====== Supplied material

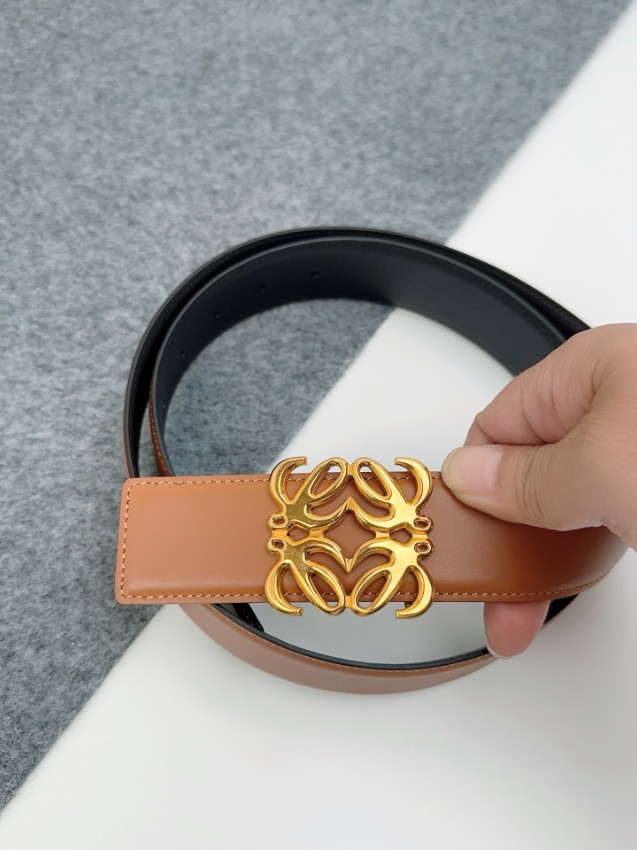 ロエベ メンズ ベルト 偽物 高再現度仕様 即納対応 正確な刻印 職人技術再現 高級感漂う仕上げ 上質レザー使用_5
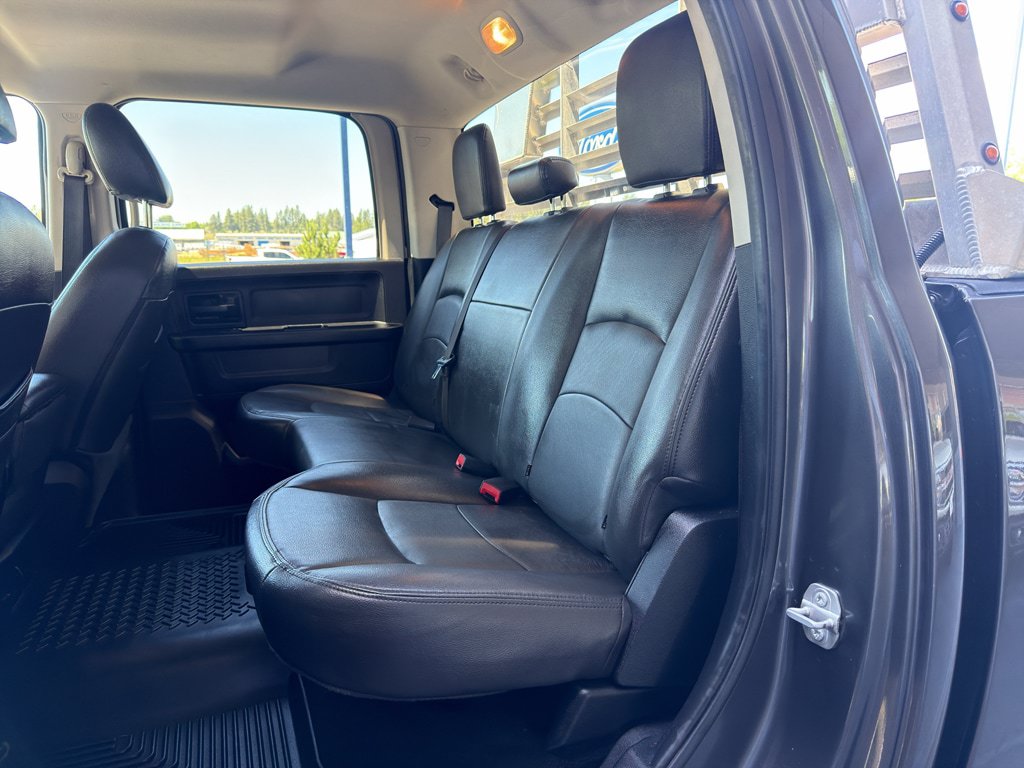Used 2016 RAM 2500 Tradesman w/ Chrome Appearance Group AWD/4WD image 36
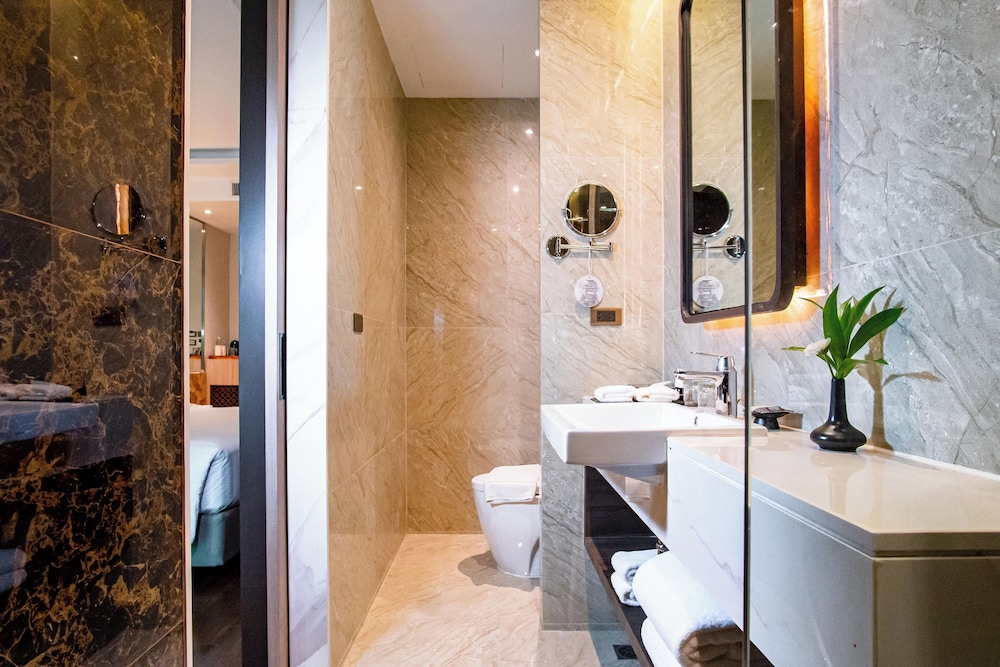 Skyview Resort Phuket 77/78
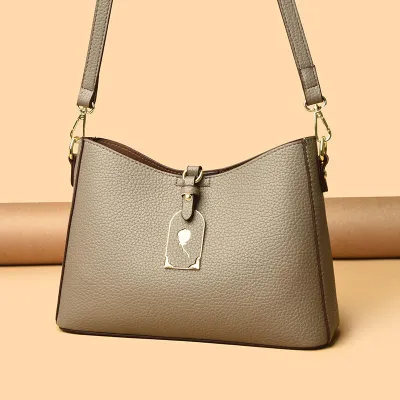 Everyday Essential Carry Bag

============

> **Activity**:
Go back to the line that contains "Used 2016 RAM" and copy it, along with each line after it through the end of the listing above, exactly and without pictures.

> **Worked solution**:
Used 2016 RAM 2500 Tradesman w/ Chrome Appearance Group AWD/4WD image 36
 Skyview Resort Phuket 77/78
 Everyday Essential Carry Bag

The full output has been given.